If I were to put the sub-text of almost every event at the UN Summit on Sustainable Development* into a hashtag, it would be: #SoNowWhat?
That’s a natural question for many from civil society, think-tanks, foundations, or UN agencies who, like me, have spent the last 2-5 years working on the Sustainable Development Goals* (SDGs) or ‘2030 Agenda’ or ‘Global Goals’ (it’s hard to keep up with the changes in nomenclature). Personally, I’m feeling that combination of relief, pride, and remorse that comes with having committed to something big – like buying a house.
So the question of ‘well, now what do we focus on?’ is to be expected as we grapple with what this huge, transformative agreement really means.
Turning words into actions
An immediate answer is ‘global-level indicators.’ Much more work needs to be done by March 2016 to ensure the metrics for implementation are transformative and rights-based*. Beyond that, we have a vision for what the world should look like in 2030 but no clear long-term plans on how to get there. At the moment, the SDGs are words on paper that need energy, evidence, and political will to become actions at the local and national levels that will enable people and the planet to thrive.
There was no consensus at the myriad of events around the UN Summit on how this gets done. But here are some highlights that jumped out:
- Map out where national action plans, policies, laws, and strategies are already aligned with SDG targets. Colombia was profiled time and again as the leader in this approach. Simón Gaviria Muñoz, the Director of the National Planning Department in Colombia, spoke at 3 events I attended. He noted that the majority of the 169 SDG targets were already part of their government plans, while 30 or so depended on international action rather than national action alone, and a remaining handful would be very difficult to measure. Mapping targets against existing plans is key for governments, but also crucial for civil society actors looking to focus their advocacy and to ensure no goal or target is left behind in implementation.
- The SDGs are another strong tool in civil society’s advocacy toolbox. This approach to advocacy on SDG implementation is one we’ve been thinking about at Plan International for some time. So it was great to hear Danny Sriskandarajah, the Secretary-General of Civicus*, sharing this exact message with a group from civil society. Almost all of the issues in the SDGs are already being advocated for by civil society; for many, the content of the SDGs won’t affect what we advocate for so much as how we advocate for it, including by ensuring northern governments and actors fulfil commitments at home as well as abroad and by ensuring we’re truly reaching those most left behind.
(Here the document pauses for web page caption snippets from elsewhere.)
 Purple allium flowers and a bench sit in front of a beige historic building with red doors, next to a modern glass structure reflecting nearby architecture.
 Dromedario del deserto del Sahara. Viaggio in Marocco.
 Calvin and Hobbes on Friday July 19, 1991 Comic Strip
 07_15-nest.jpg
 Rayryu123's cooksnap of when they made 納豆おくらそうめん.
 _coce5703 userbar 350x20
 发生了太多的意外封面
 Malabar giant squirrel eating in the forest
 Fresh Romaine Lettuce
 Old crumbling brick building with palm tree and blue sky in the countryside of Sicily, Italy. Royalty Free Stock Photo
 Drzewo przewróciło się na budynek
For local and national civil society, the SDGs should be seen as a tool for advocacy – an agreement that our governments have openly promised to deliver and for which we can collectively demand action.
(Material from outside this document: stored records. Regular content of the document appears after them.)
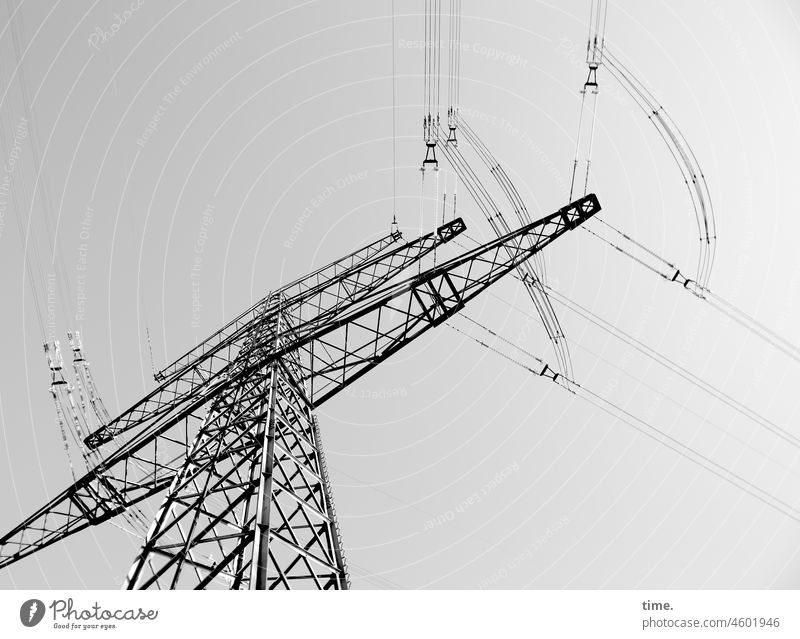 Purity Law | Green Promise Electricity pylon power supply Energy industry Vital Energy Tower Cable stream Tall Force Dangerous vital technique Worm's-eye view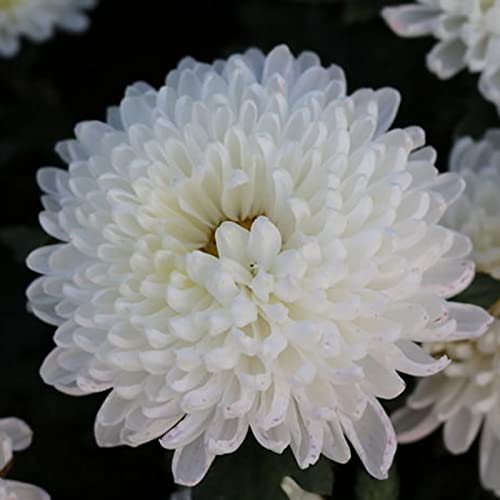 Rotyroya 100 Unids/bolsa Semillas de Crisantemo Semillas de Flores Bonitas Perennes Blancas No OGM Naturales para Jardín de Patio Semillas de crisantemo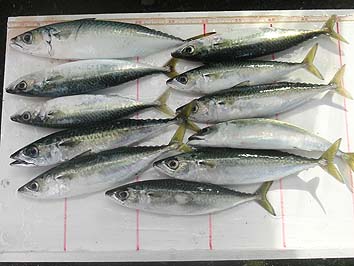 141007saba.jpg(57654 byte)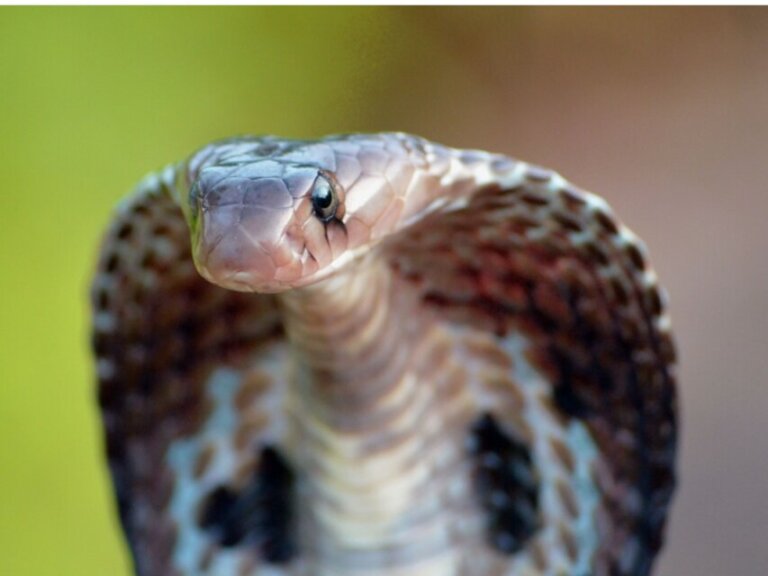 Cobra-capelo: habitat e características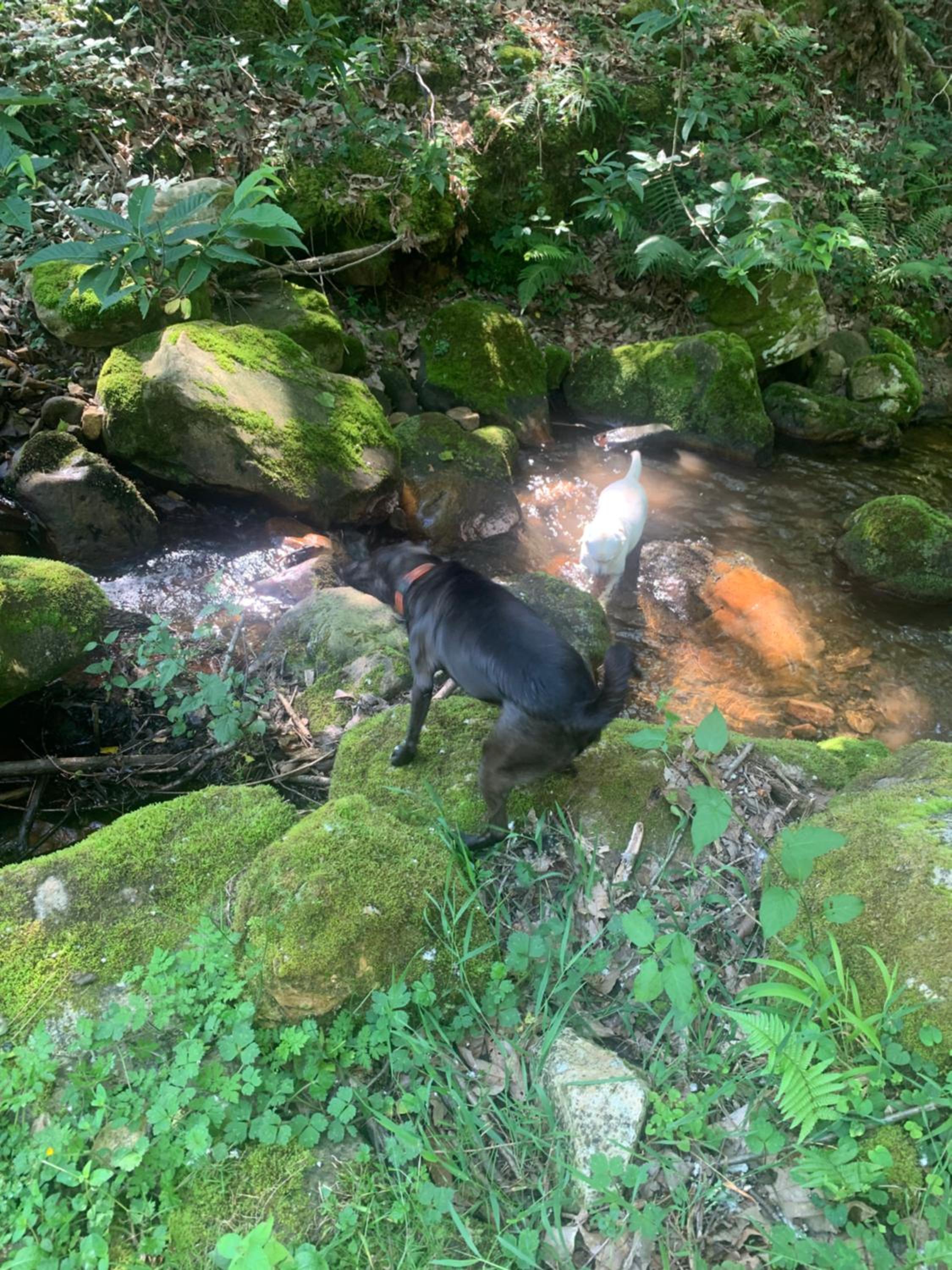 Photo 17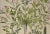 Flowering Jasmine and Laurel Plants: A Besler Hand-Colored Botanical Engraving, 1713 For Sale - Image 4 of 8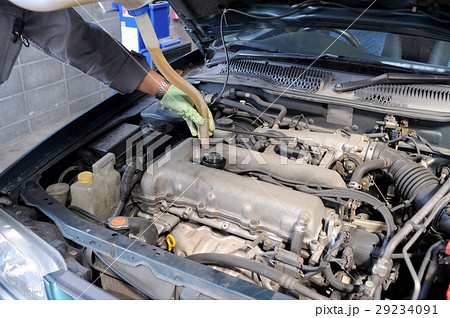 オイル交換 オイル交換 29234091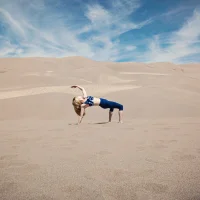 yogacamgirl Profilový obrázek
- Integrate SDG implementation into existing international initiatives. The Open Government Partnership (OGP) gave a great example of this – the countries on their steering committee have committed* to integrating the targets within Goal 16 on peaceful and inclusive societies into their OGP Action Plans and the work of the OGP overall. It’s a no-brainer to try to identify where we can improve and amplify the work we’re already doing with the SDGs rather than creating parallel processes and additional bureaucracy. We at Plan International would argue that this goes for accountability as well, for example by aligning SDG monitoring processes with human rights monitoring and accountability mechanisms.
Making the SDGs a reality
This quick summary captures just a part of the many views and ideas shared at the UN Summit amongst civil society, the private sector, governments, and donors on how to implement the SDGs. Many questions remain – one is ‘what are the top 3 learnings from the processes of MDG implementation at the national level and how can these be taken into account for SDG implementation?’ Share any thoughts on this with me on Twitter at @AmandaRrae
Officially, action to implement the SDGs starts on 1 January 2016. The conversation continues to try to answer #SoNowWhat? Plan International, along with many other actors, will be huddling in meeting rooms and via Skype around the globe in the next 100 days to ensure that we are ready to act to make the SDGs reality for our people and our planet.